Lust for diamonds kills thousands in African wars
January 12, 2000
JOHANNESBURG, South Africa (CNN) -- The quest for diamonds in some African countries has fueled years of bitter fighting between government and rebel forces and brought about tens of thousands of civilian deaths.
According to a report published on Wednesday by the Canadian nongovernmental organization Partnership Africa Canada (PAC), the seven-year war in Sierra Leone was fueled by warlords, gangsters, government officials and international mining firms willing to go to almost any length to obtain valuable stones.
PAC is especially critical of the major diamond market in Antwerp, Belgium, saying Belgian officials ignored signs that many of the diamonds purchased from Liberia and other countries had clearly been smuggled out of Sierra Leone.
"There will never be a lasting peace in Sierra Leone until the diamond industry as a whole is properly managed, said Ian Smillie, co-author of the report.
U.S. Rep. Tony Hall, D-Ohio, said that during the war in that country "rebels had a group of maybe 500 soldiers, but because they seized the diamond mines, they quickly increased their 500-man army to 20,000, with some of the best weapons on the market".
In Angola, where war has raged for 25 years, the rebel forces known as UNITA are thought to have earned nearly $4 billion from so-called "conflict diamonds" since 1992.
"Tension and mistrust among the parties to the conflict continue," said Annan. "In addition, unruly members of some armed groups continue to attack, rob and rape civilians in parts of the country, while humanitarian workers are denied access to large parts of the population."
Robert Fowler, Canada's ambassador to the U.N. who is on a week-long visit to Angola, met the commander of the country's armed forces on Wednesday to try to trace the origin of rebel weapons. He is also reported to have met captured UNITA rebels.
"We have to identify the origin of the equipment (weapons) and figure out how it arrived in this country," he said.

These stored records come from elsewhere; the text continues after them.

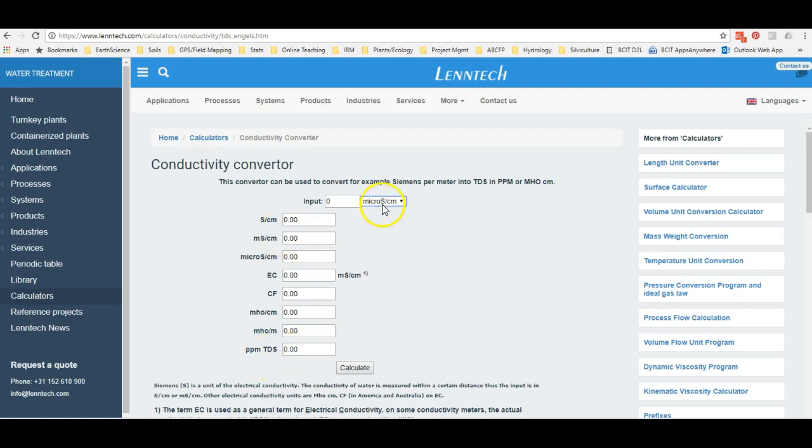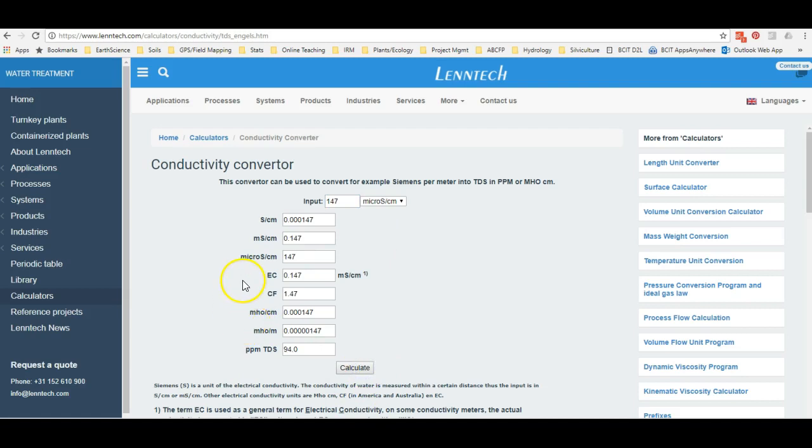If today you were working in microsiemens per second, let's say you collected 147 microsiemens per second using the measure of conductivity. You just hit calculate, and then you're looking for a measure of total dissolved solids.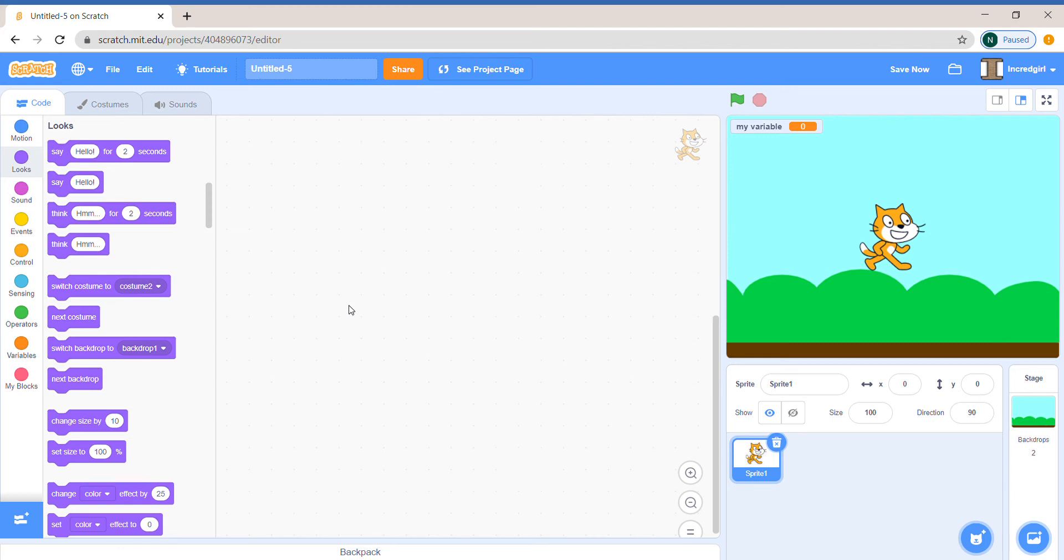Hello everybody! Have you ever wondered how to join three different texts and make one whole thing in Scratch using the speech bubbles? Well today I'm gonna show you.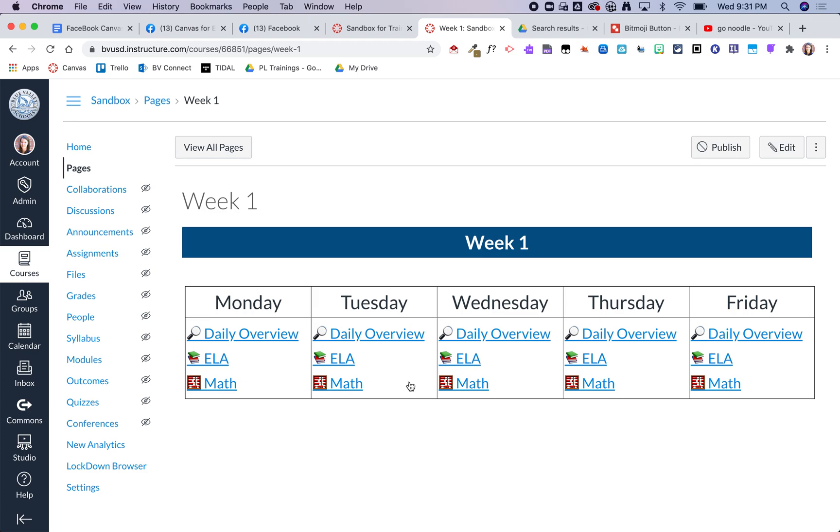The idea is also to put all the week's overview pages into a module so that way if students need to they can always go back to the content from a previous week if they need to. But that get started button will take them right where they need to go to jump into the content.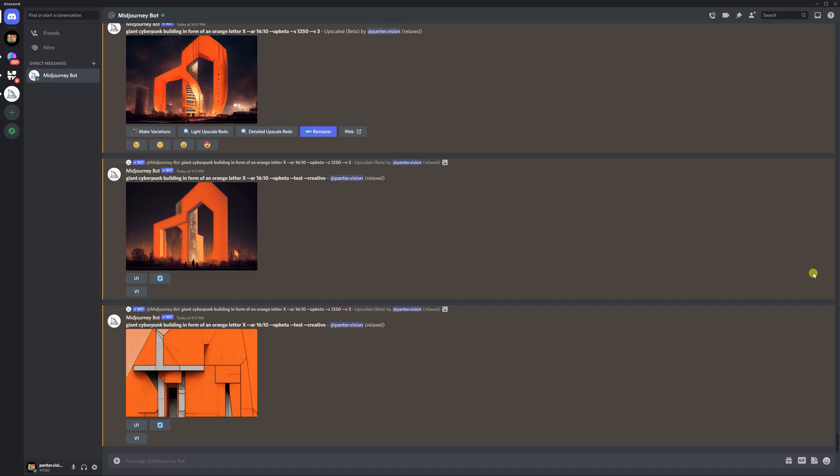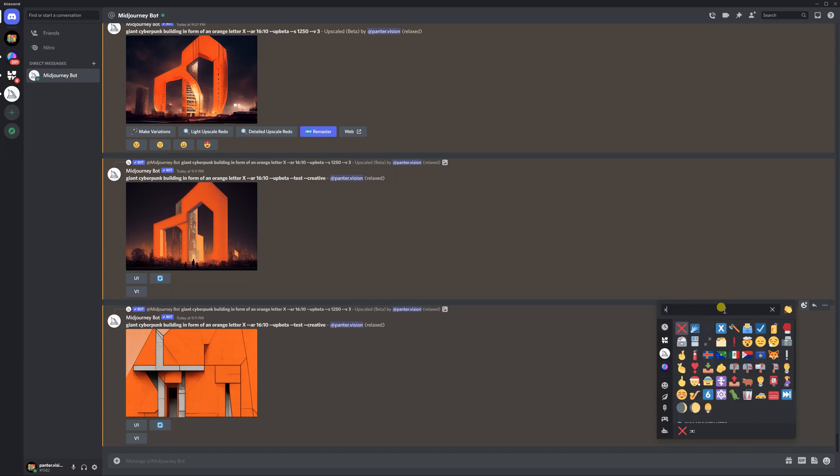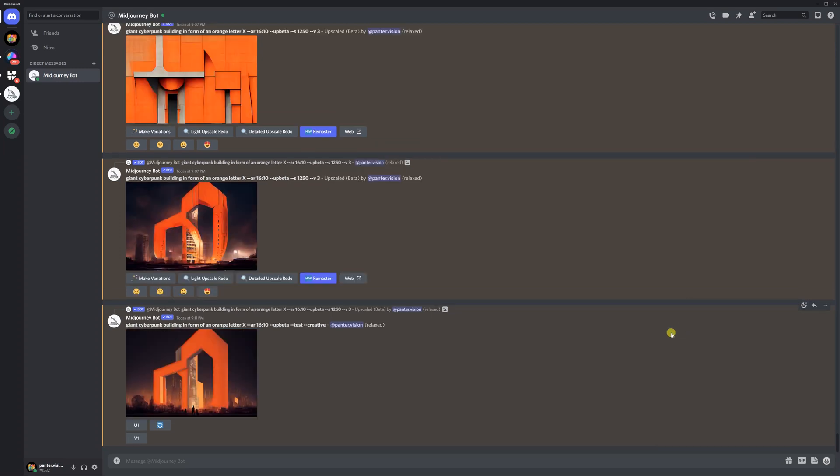Basically, all you need to do is go to one of your images and as you can see here, you've got an emoji. Add reaction, click on it, and you're going to type in here. Find the perfect emoji, click X, and this red X is going to pop up. You just need to click on it. As you can see, the photo disappeared.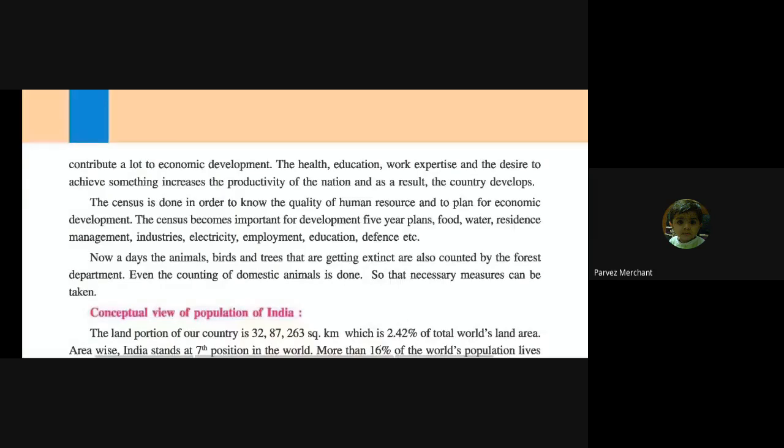Nowadays, the animals, birds, and trees that are getting extinct are also counted by the forest department. Our forest department is also counting how many animals are present in India and in which area.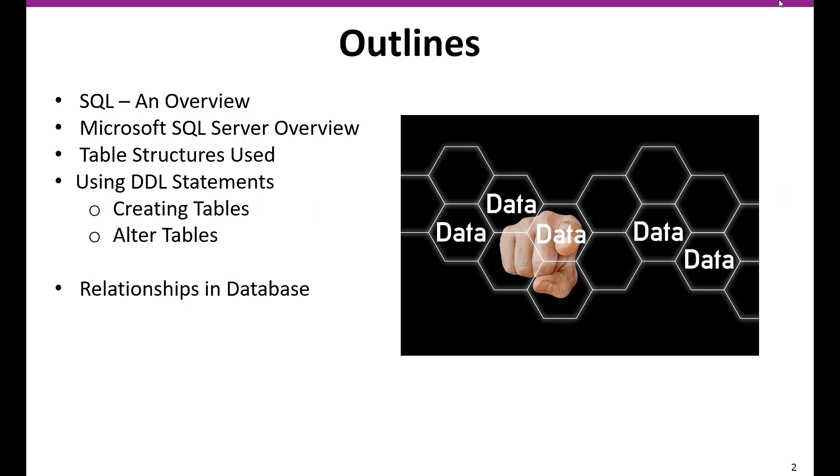We are going to start with the SQL Overview, and then we are going to look at SQL Server Overview. SQL is different, SQL is a query language. And then we are going to look at the Microsoft SQL Server, what are the different editions in SQL Server. So we are going to look into that.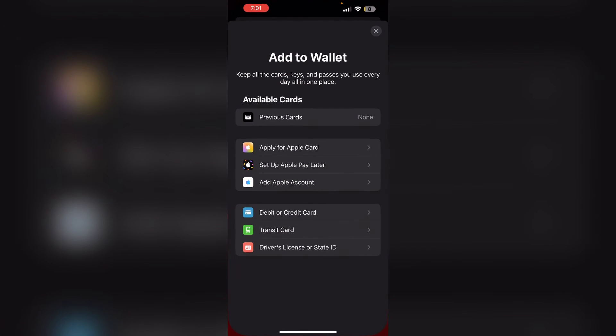Just follow these easy steps. Step 1: Open Apple Wallet on your iPhone and open the Wallet app. Step 2: Tap the pass or ticket that you want to share, then tap the More button — the icon with three dots in the top right corner of the screen.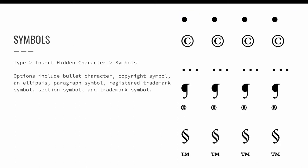Make sure your text cursor is active and blinking and then choose the Type menu. Choose Type, Insert Hidden Character, and Symbols to see what symbols can be added to an InDesign layout. Options include, as illustrated on screen, bullet character, copyright symbol, an ellipsis, paragraph symbol, registered trademark symbol, a section symbol, and a trademark symbol.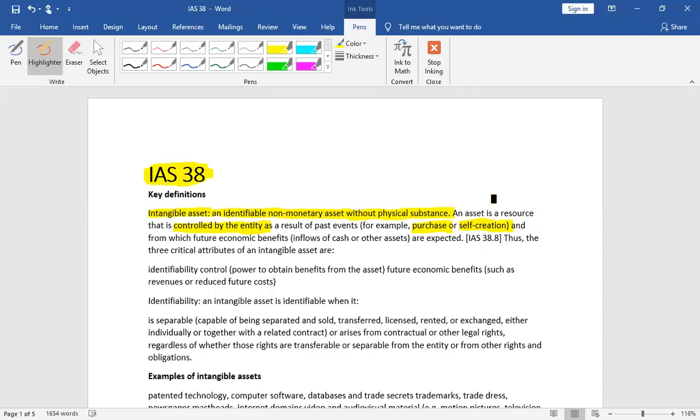Now, in this definition, we have discussed three things. First, if you want to recognize the intangible asset, then it should be identifiable. It should be controlled.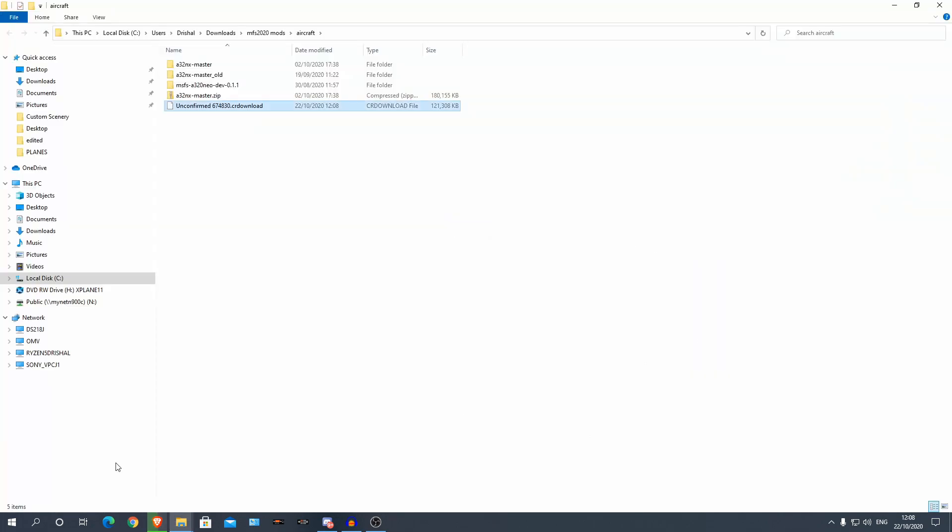Now, the installation is basically the same as the update because all we are doing is getting this new folder which once it's downloaded and we are going to be overwriting the old folder.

Fowler arrived in Angola last Saturday to inspect efforts to stop rebels trading diamonds for arms and identify the sanctions-busting countries.
He is to report his findings to a special U.N. session on Angola on January 18 and present a formal report to the Security Council in March.
The Canadian report on Sierra Leone's diamond trading urges the country's government "to ensure transparency, high standards and rigorous integrity in its diamond purchasing, valuation and oversight activities".
A professional diamond unit should be created to anticipate and counteract criminal activity, the report recommended.
"In recent years, there have been a number ofjudicial inquiries which have shown that the overall (Belgian) system violates almost any system of neutrality, and is an invitation to corruption," the report says.
For example, Liberia's average annual mining capacity is 100,000 to 150,00 carats -- yet the HRD recorded more than 31 million carats imported into Belgium from that country between 1994 and 1998.
The report said that since the diamonds could not all have been mined in Liberia, it was obvious thatmost had been smuggled from Sierra Leone and other countries.
Similarly, the Ivory Coast apparently exported more than 1.5 million carats to Belgium each year between 1995 and 1997, although its diamond mining industry was closed in the mid-1980s.
In Sierra Leone in 1998, the government exported a mere 8,500 carats, but the HRD registered imports of 770,000 carats for that year coming from that country.
Smillie said PAC wanted a high-level inquiry into the diamond industry in Belgium. "The authorities are afraid that tightening up the industry will drive it out of Belgium to Israel, Lebanon or somewhere else," he said.
"In our view that's not a good enough reason to do nothing," said Smillie.
"If De Beers were to take a greater interest in countries like Sierra Leone and if it were to stop purchasing large amounts of diamonds from countries with a negligible production base, much could be done to end the current high levels of theft and smuggling," the report says.
De Beers says it stopped trading in Sierra Leone many years ago and recently ceased doing business in the Democratic Republic of Congo.
Tim Capon, a director of De Beers, said the company was not a policeman and that "we are fairly confident that we are not handling any diamonds that can be described as conflict diamonds".
The company pointed out that conflict diamonds account for only 7 percent of world diamond trading and cautioned against action that could harm legitimate trading.
"I think if consumers knew the diamonds they were looking at were conflict diamonds, there would be a significant decrease in the buying of these kinds of diamonds," said Rep.Hall.